Task prompt: Only the lines below from the one containing "Humpback whale tail" through the one containing "Sách: Việt Nam" belong in the answer, set down exactly, with the pictures left out.
Start of Task data
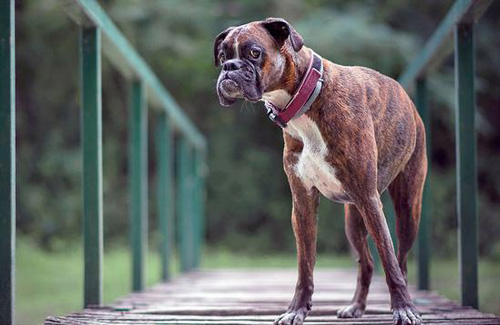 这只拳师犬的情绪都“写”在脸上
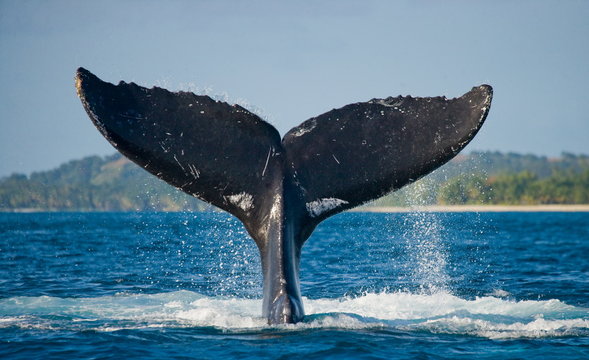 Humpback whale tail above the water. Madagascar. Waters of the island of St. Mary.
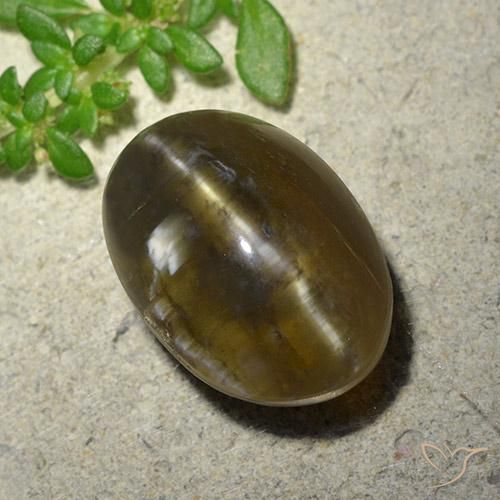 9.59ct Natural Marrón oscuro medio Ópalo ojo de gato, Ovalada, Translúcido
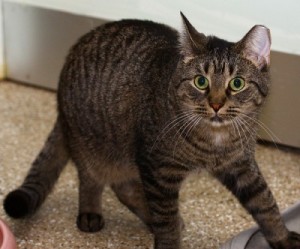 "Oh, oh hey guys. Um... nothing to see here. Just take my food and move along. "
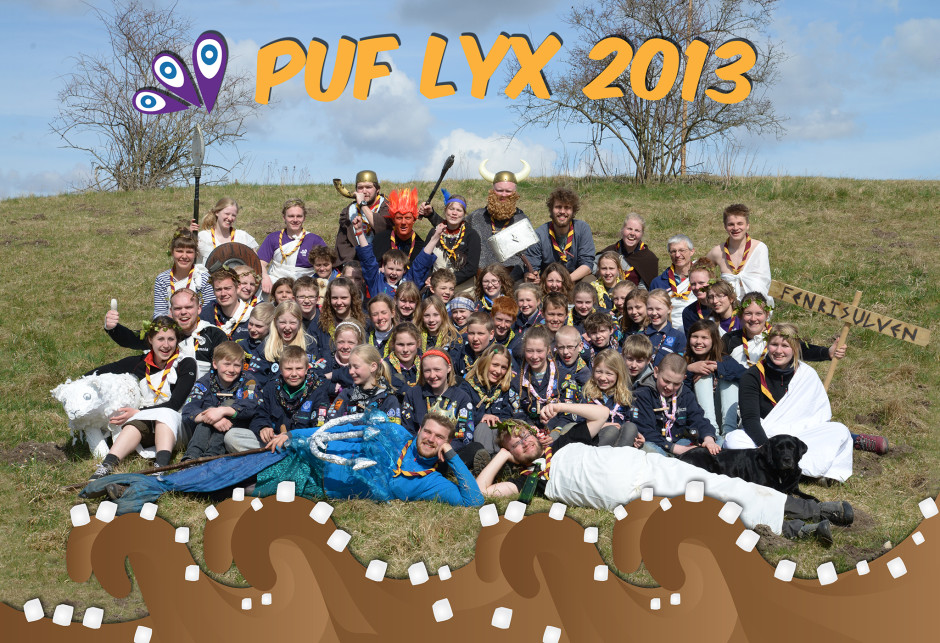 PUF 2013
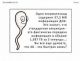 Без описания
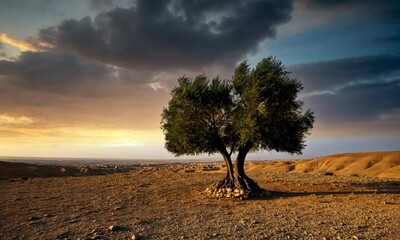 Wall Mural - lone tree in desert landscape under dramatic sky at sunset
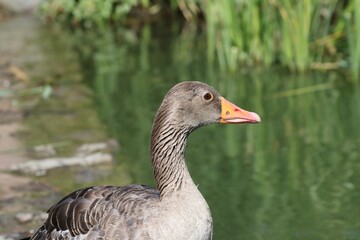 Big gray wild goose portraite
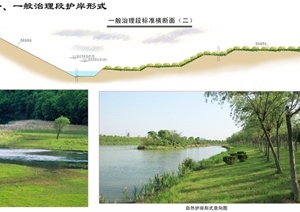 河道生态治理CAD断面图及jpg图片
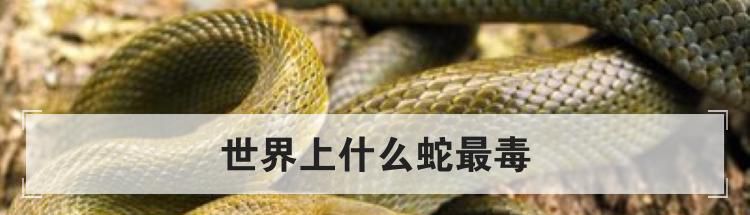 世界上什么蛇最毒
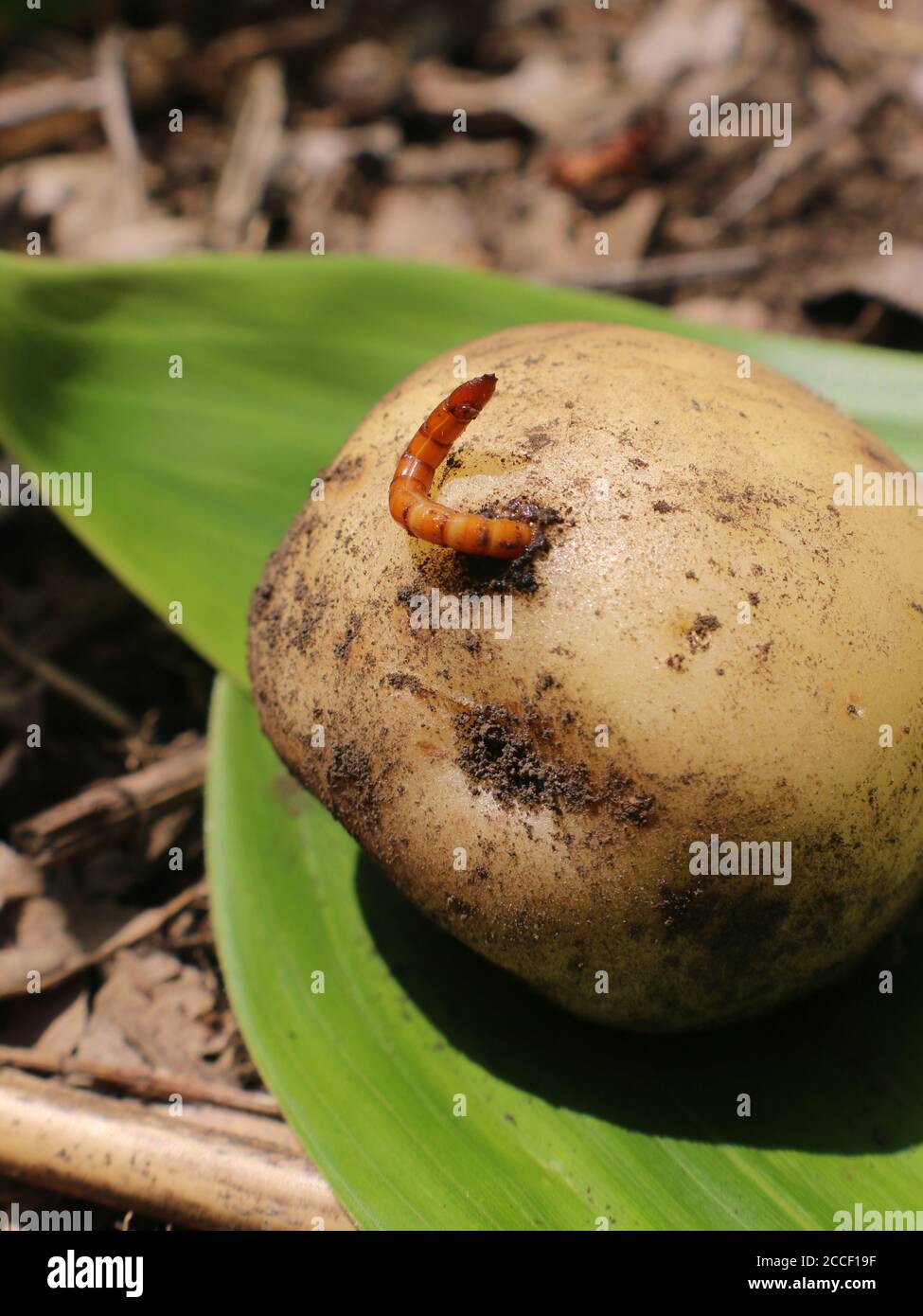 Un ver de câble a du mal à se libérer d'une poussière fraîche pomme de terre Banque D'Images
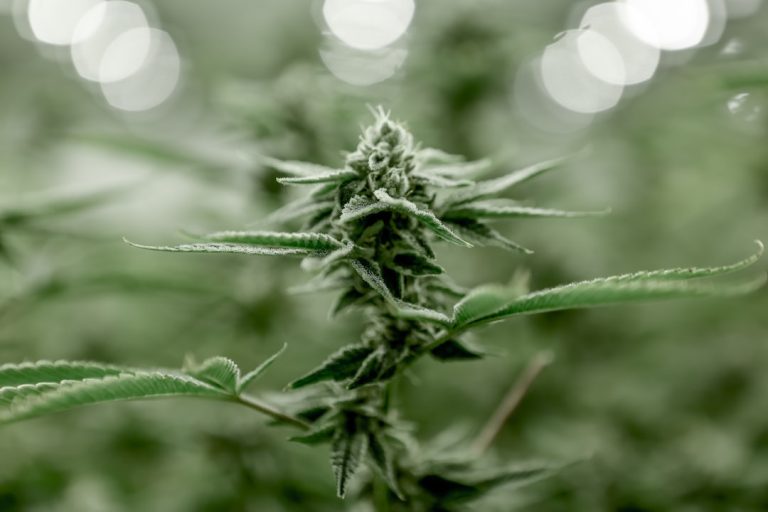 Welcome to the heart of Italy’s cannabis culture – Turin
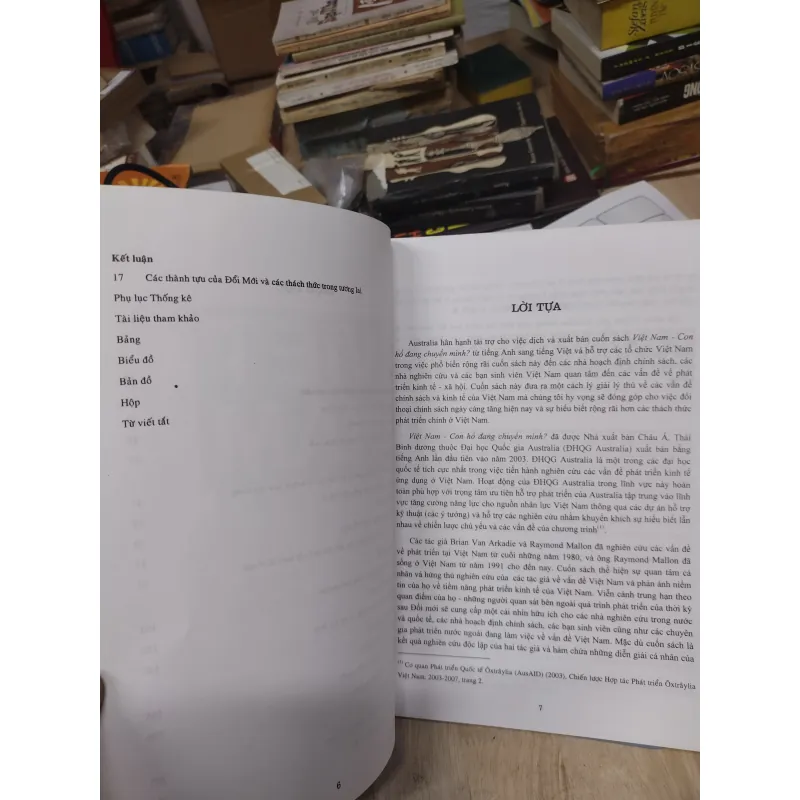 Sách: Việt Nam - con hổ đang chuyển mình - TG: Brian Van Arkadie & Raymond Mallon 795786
End of Task data
Start of Task data
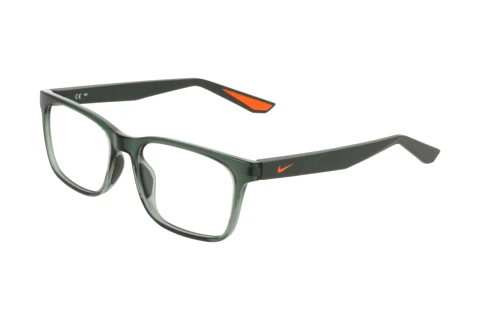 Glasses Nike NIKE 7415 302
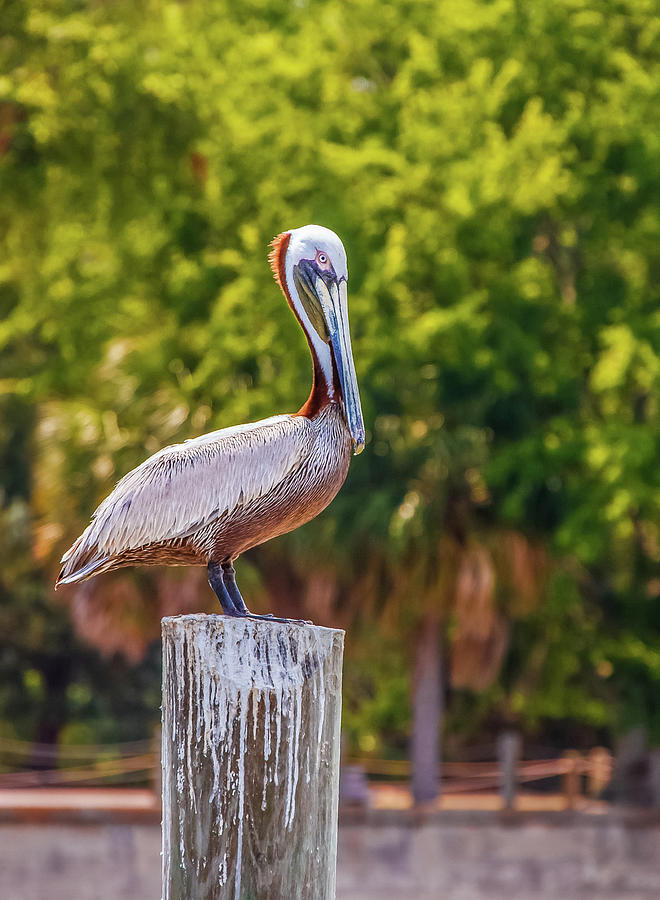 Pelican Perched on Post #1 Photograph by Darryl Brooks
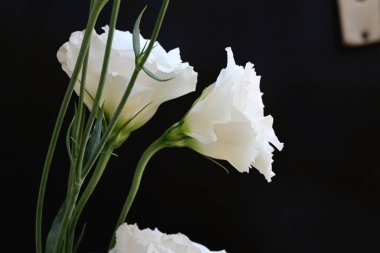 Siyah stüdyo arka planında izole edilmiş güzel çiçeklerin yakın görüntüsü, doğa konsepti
End of Task data
Solved exercise:
 Humpback whale tail above the water. Madagascar. Waters of the island of St. Mary.
 9.59ct Natural Marrón oscuro medio Ópalo ojo de gato, Ovalada, Translúcido
 "Oh, oh hey guys. Um... nothing to see here. Just take my food and move along. "
 PUF 2013
 Без описания
 Wall Mural - lone tree in desert landscape under dramatic sky at sunset
 Big gray wild goose portraite
 河道生态治理CAD断面图及jpg图片
 世界上什么蛇最毒
 Un ver de câble a du mal à se libérer d'une poussière fraîche pomme de terre Banque D'Images
 Welcome to the heart of Italy’s cannabis culture – Turin
 Sách: Việt Nam - con hổ đang chuyển mình - TG: Brian Van Arkadie & Raymond Mallon 795786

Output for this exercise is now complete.